Compared to imaging and pathology that quantify disease phenotypes, genomic analysis focuses on cellular activities measured at the molecular level. Bulk gene expression data have been used to understand molecular differences between disease phenotypes, socio-economic environments and response to therapies. The investigation on mutations, copy number changes, DNA methylation and gene expression that are correlated with tissue phenotypes enables discovery of new cancer genes and understanding of the underlying molecular mechanism and drivers of tumor morphology associated with diseases. A typical prognostic model using genomic data is OncotypeDX for breast cancer patients, in which a risk score of recurrence was generated by a linear combination of 21 genes expression (15).

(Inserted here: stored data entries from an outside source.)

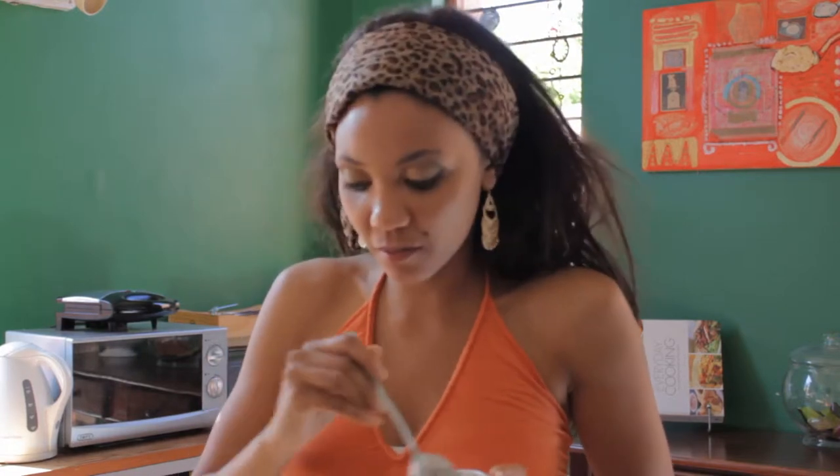If you see that it's a little bit too runny — because it's going to be goopy, I mean it's yogurt and honey mixed with oats — if you want to make the consistency a little bit thicker, add some more oats.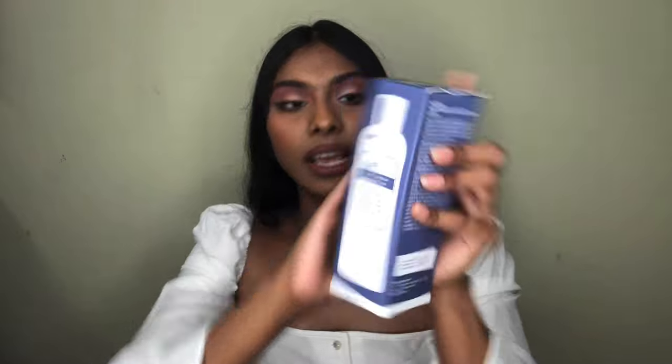The very first item is this — the Klairs Supple Preparation Unscented Toner. This is essential oil free, balances pH level, deep moisturizing, and vegan friendly. This product is one of my most favorite out of everything I'm going to show you because I always buy it. It's a really good toner for every skin type because it's very moisturizing but not heavy at all.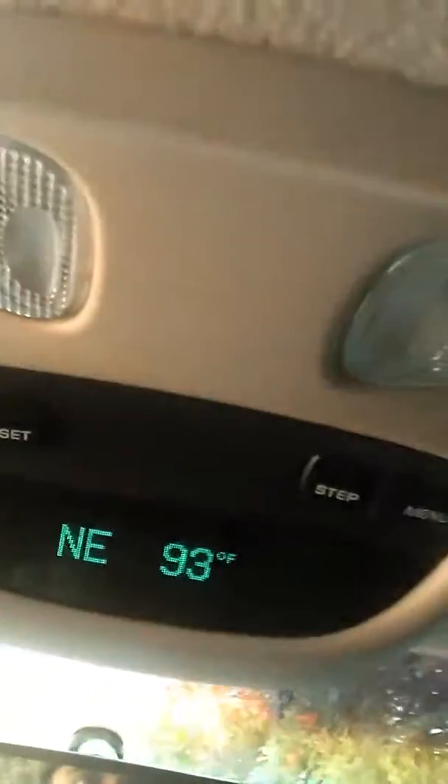Hey buddy, it's your boy Nick2sick. It's the middle of the day in the summer out here in California Delta. Taking a little break from fishing. I just wanted to bring you guys a quick fishing hack, tip, whatever you want to call it. As you can see, it is about 93 degrees outside, so it's hot.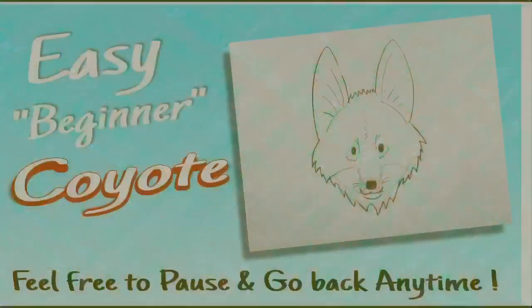Hey kids, it's Mr. Mendoza and it's time for art! And today we will draw a coyote.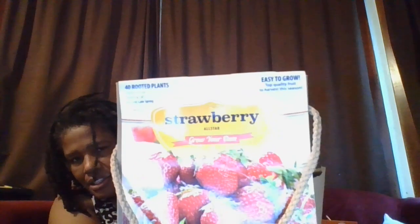This right here is strawberry roots and there are about 40 of them in the bag. I got those at Sam's Club for about $8.98 or $9.98. And this right here is garlic — there are about four bulbs. If anybody is interested in seeing how I plant these, I'll try to do a video, just let me know in the comments.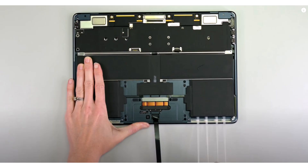The M3 MacBook Air teardown gives full marks for the battery removal, but takes points off for using a myriad number of screws and brackets.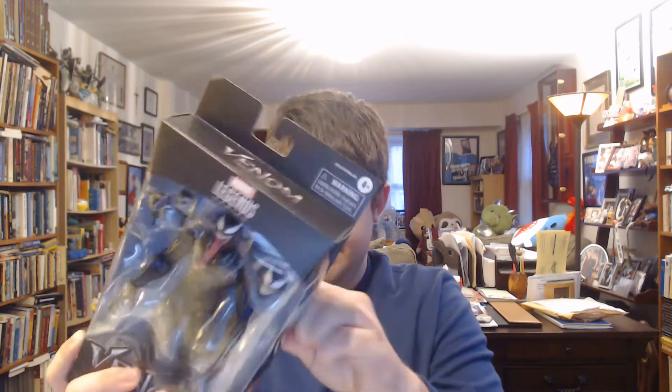Alright, so the first one I'm going to be unboxing is just the regular Venom. I'll do the Walmart exclusive after this, but I wanted to do Venom first. And here he is — it's Venom.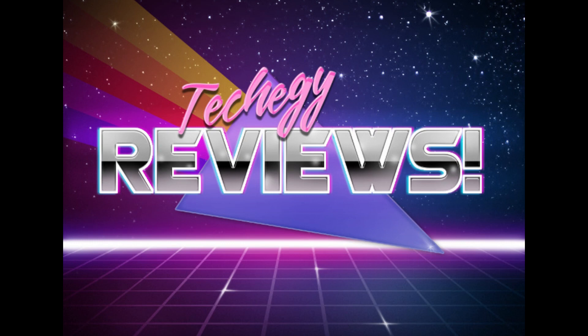The nerds are here with something that could be cool or it could be hot garbage. This is Tech-A-G Reviews.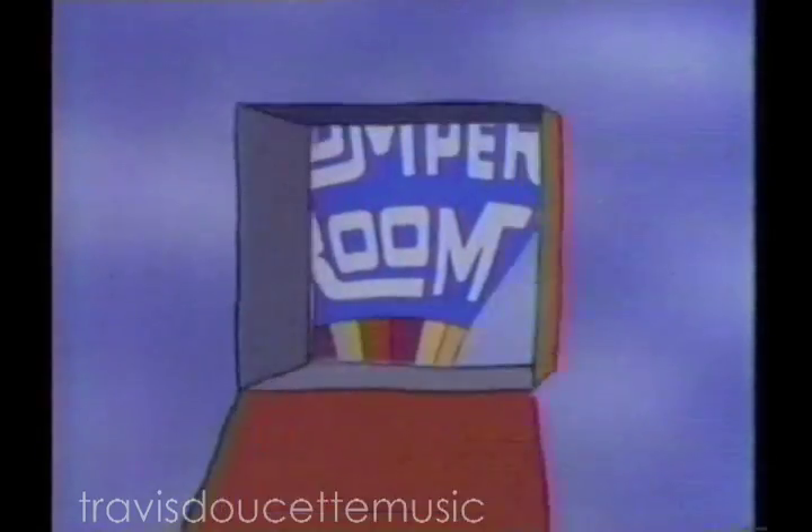Root-a-toot, kim-boo-loo-dee-loo. Bump-a-dee-stump-a-dee, romp-a-room. Romp-a-room and friends!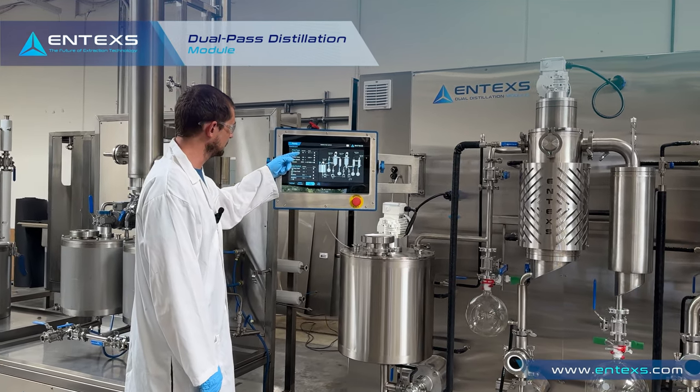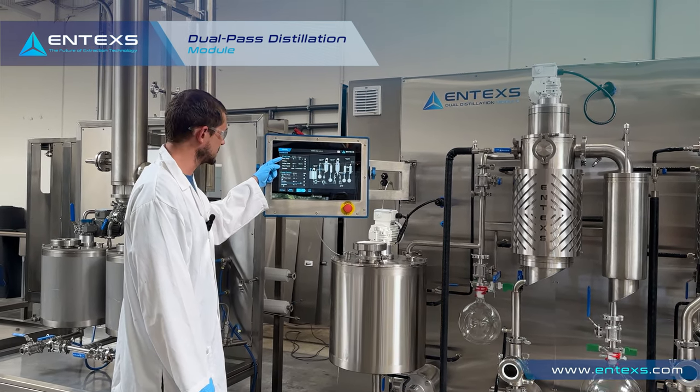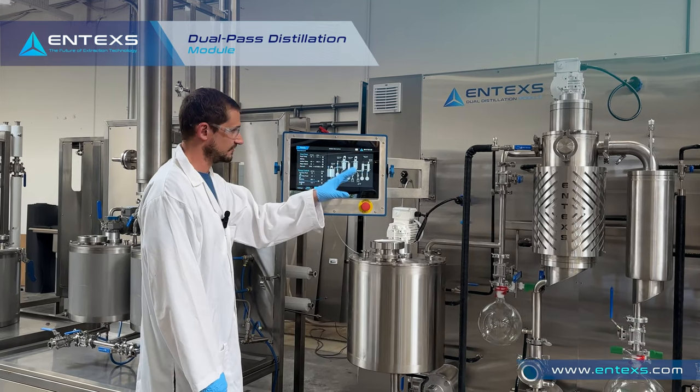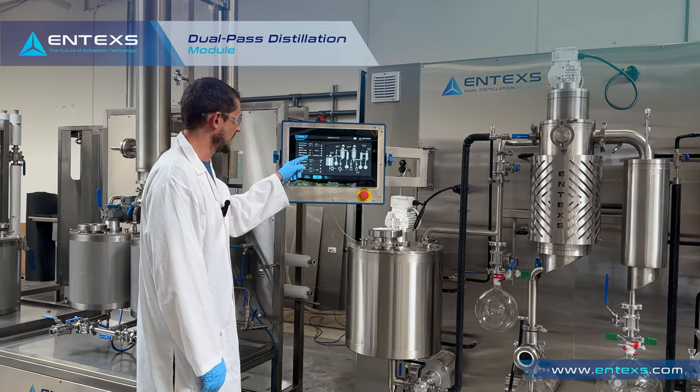Here you have set points for all the various parameters of the first pass. We have our feed temperature, wipe mix, our jacket temperature for the first stage wiped film, our wiper speed, and our vacuum.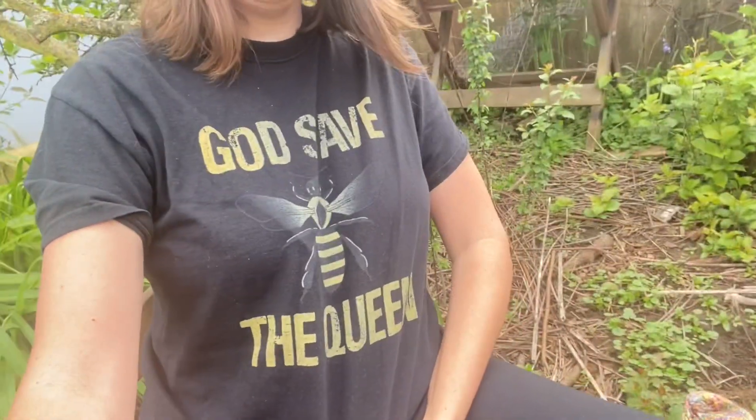Hello, this is Angela with Park Rose Permaculture. I'm down next to my beehives here. I have my Kenyan top bar hive and my cathedral hive. I am a beekeeper. We're sitting in kind of a messy part of the garden, but there is purpose here and I want to talk about it today.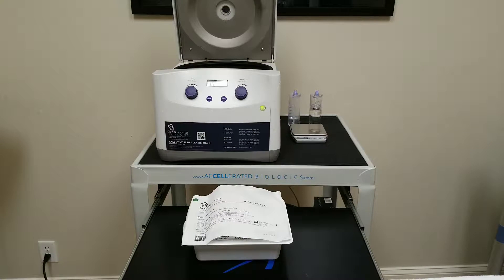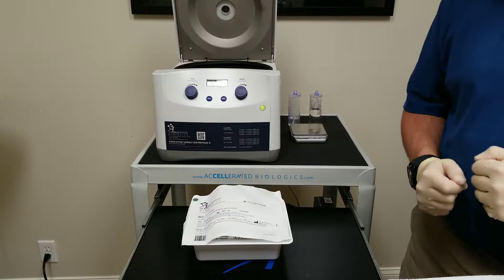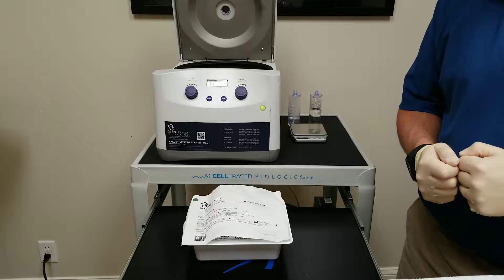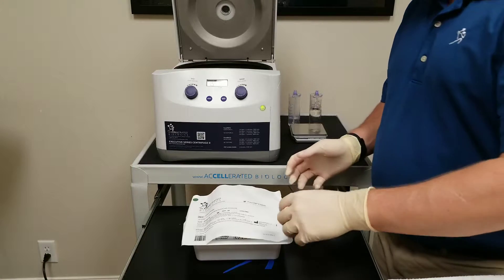Hello, this is Felix Dunn with Accelerated Biologics and I'm going to go over the AB60 Pure kit. It is the M-Sites Pure PRP 60 ml PRP processing kit.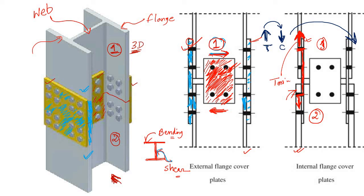Visualize the force flow: the moment is applied and converted to tension at the flange of column one → transferred to the bolt → from bolt to the plate → from plate to bolt → from bolt to the flange of column two. Similarly for shear: shear in the web → bolt → plate → bolt → web of column two. That's the basic mechanism of any splice.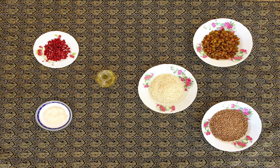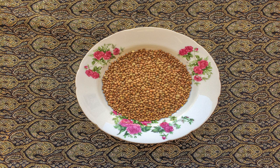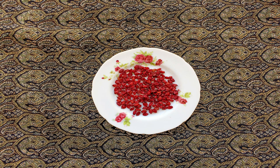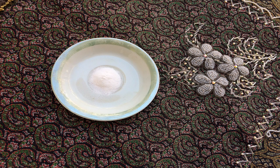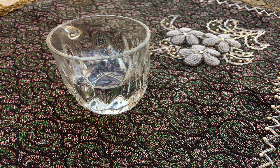For making this delicious food you will need two cups of rice, half a cup of lentils, raisins, barberry, saffron and salt to taste, plus frying oil and water.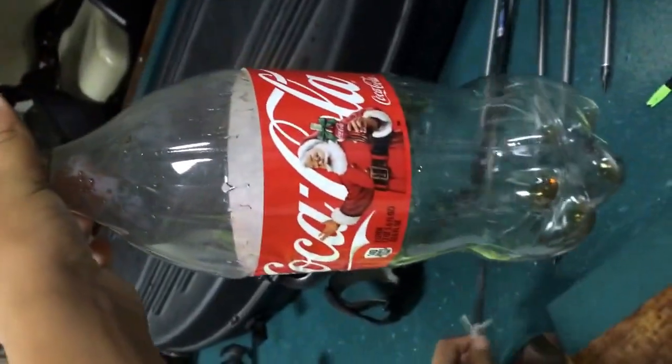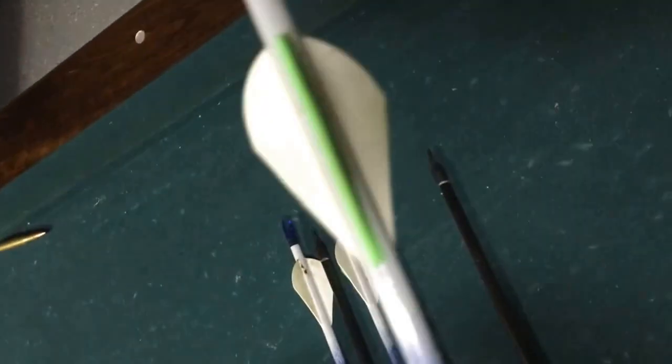Alright, this is Dwayne and Jacob. I just got my bow tuned yesterday, new arrows sighted in. If you saw my last video, it is a Hoyt Charger — just put 40 pounds on it. Got new arrows and it's sighted in, so we're gonna shoot it for y'all. We'll be shooting this two-liter Coke. These are the arrows I'll be shooting — they're carbon ion arrows, green and white.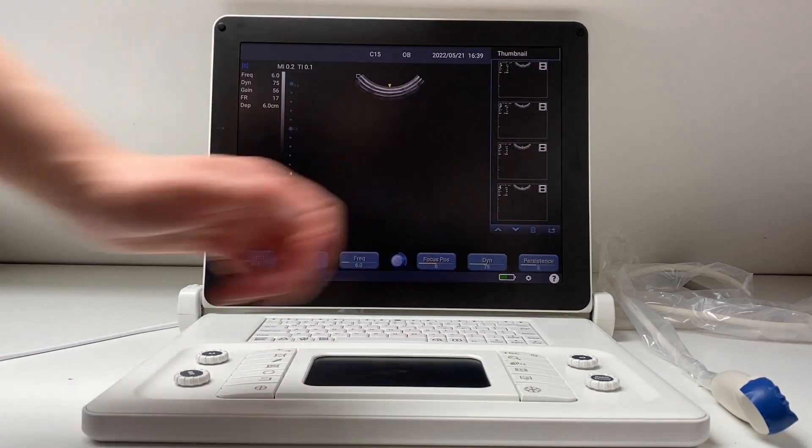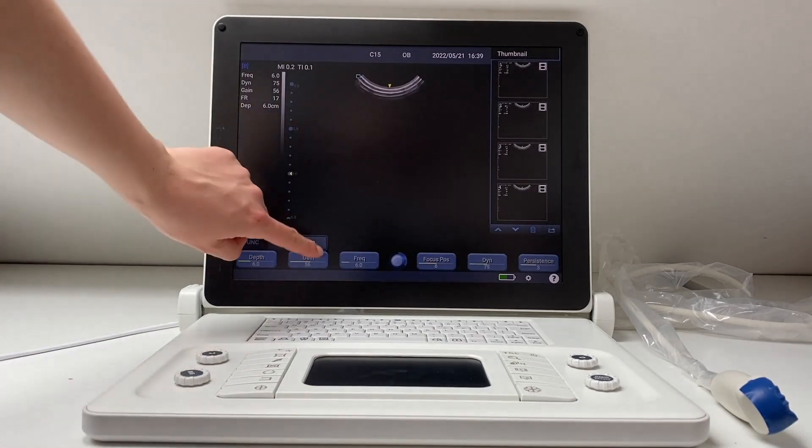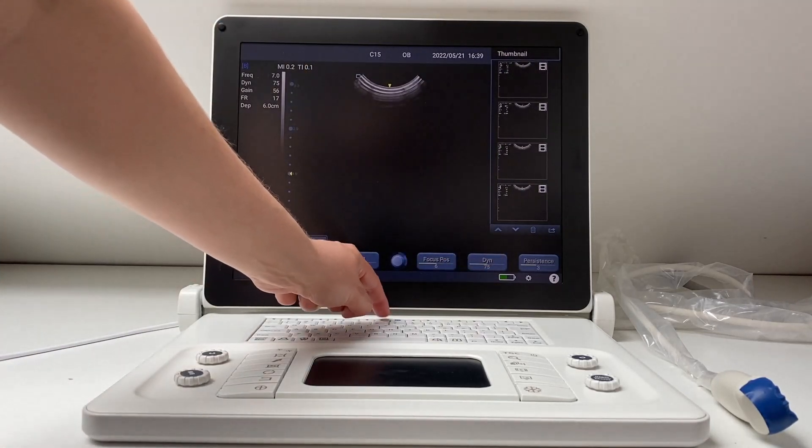Secondly, there is no longer a touch screen. If you have used a scan pad all your scanning life, your instinct will be to touch like this, but you will have to get used to adjusting with these arrows down here.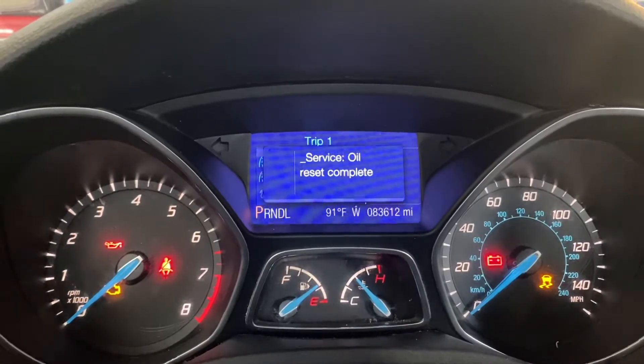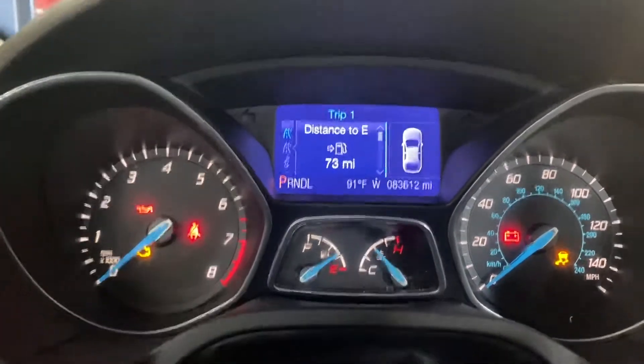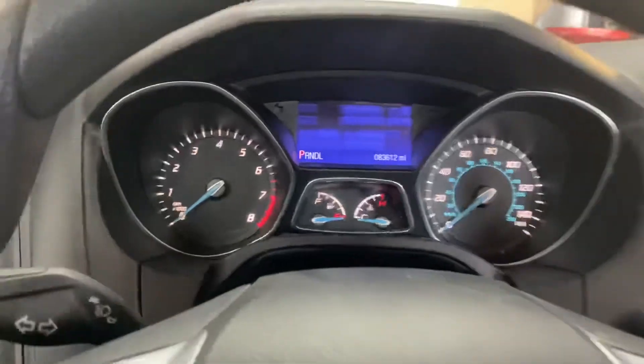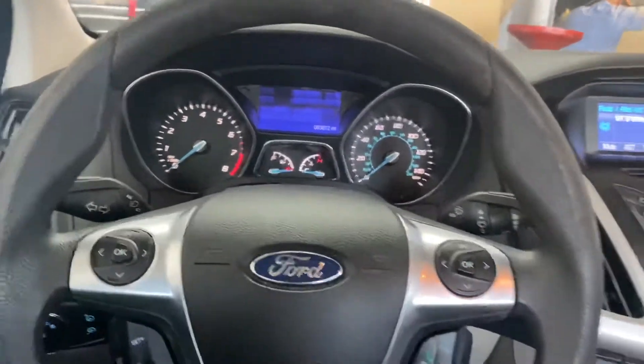It takes about a minute, then release the gas and the brake and that's it. You can cycle the car off or you could just start it, it doesn't matter. That's how you reset the oil service on the Ford Focus.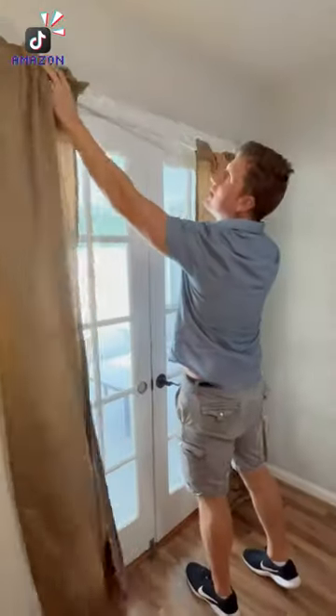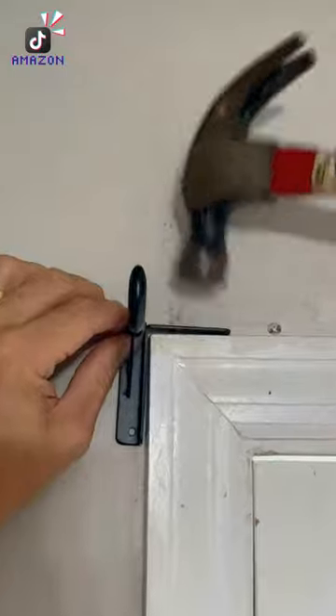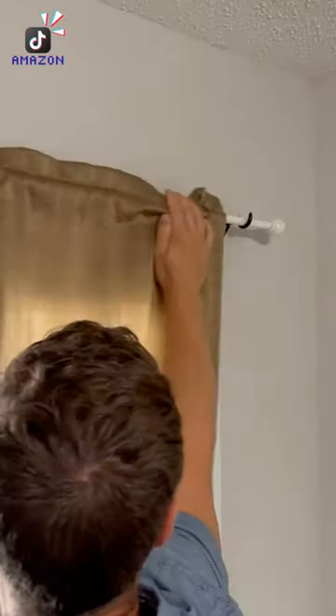Amazon renter hacks. If you want to put up blinds but can't make holes, this tap bracket gets nailed into the top of the window frame and allows you to hang up blinds without making visible holes.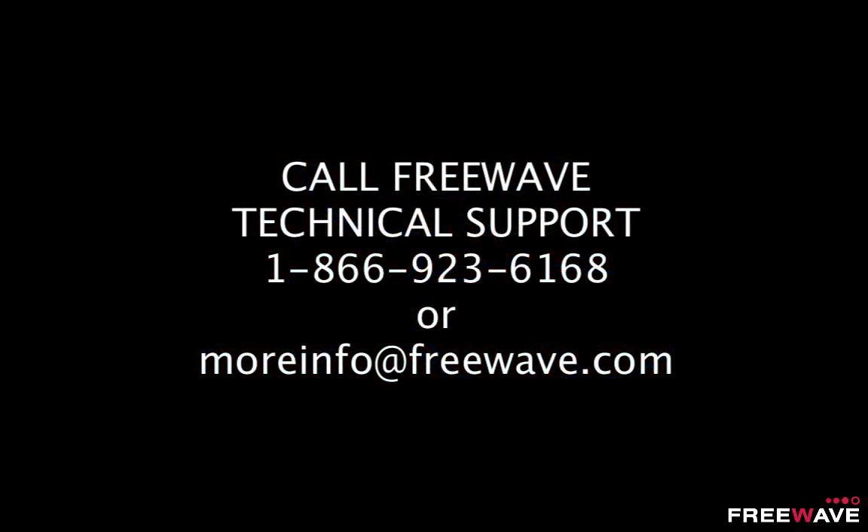For any additional help with optimizing your coexistence setup, do not hesitate to contact FreeWave Technical Support. You can reach us by phone at 866-923-6168 or you can send us an email at moreinfo@freewave.com. Thank you.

In clinical setting, it may very often be likely that patient data comprising more than one of imaging, pathologic or genomic modalities are available in course of their diagnosis through treatment. Genomic data provide rich molecular resolution while imaging data provide spatial phenotype information of cancer in addition to pathology. Thus, multi-modal data offer a unique opportunity to comprehensively interrogate the cancer microenvironment thereby enabling a more accurate assessment of disease aggressiveness. The integration of imaging phenotypes and genotypes could help us 1) understand histological context of genetic data; 2) understand underlying biological basis/process of specific quantitative imaging features; 3) gain complimentary information for visualizing spatial and molecular context of cancer; 4) resolve confounding effects of tissue heterogeneity; 5) discover new diagnostic/prognostic signatures; and 6) build a holistic model/approach to understand the progression of different diseases.
In this article, we provide a brief review of representative works that focus on integrating pathomics with radiomics and genomics for cancer diagnosis and prognosis. It includes: correlation of pathomics and genomics; fusion of pathomics and genomics; fusion of pathomics and radiomics. We also present challenges, potential opportunities and avenues for future work. An overview of the fusion of pathomics, radiomics and genomics analysis is shown in Figure 1 .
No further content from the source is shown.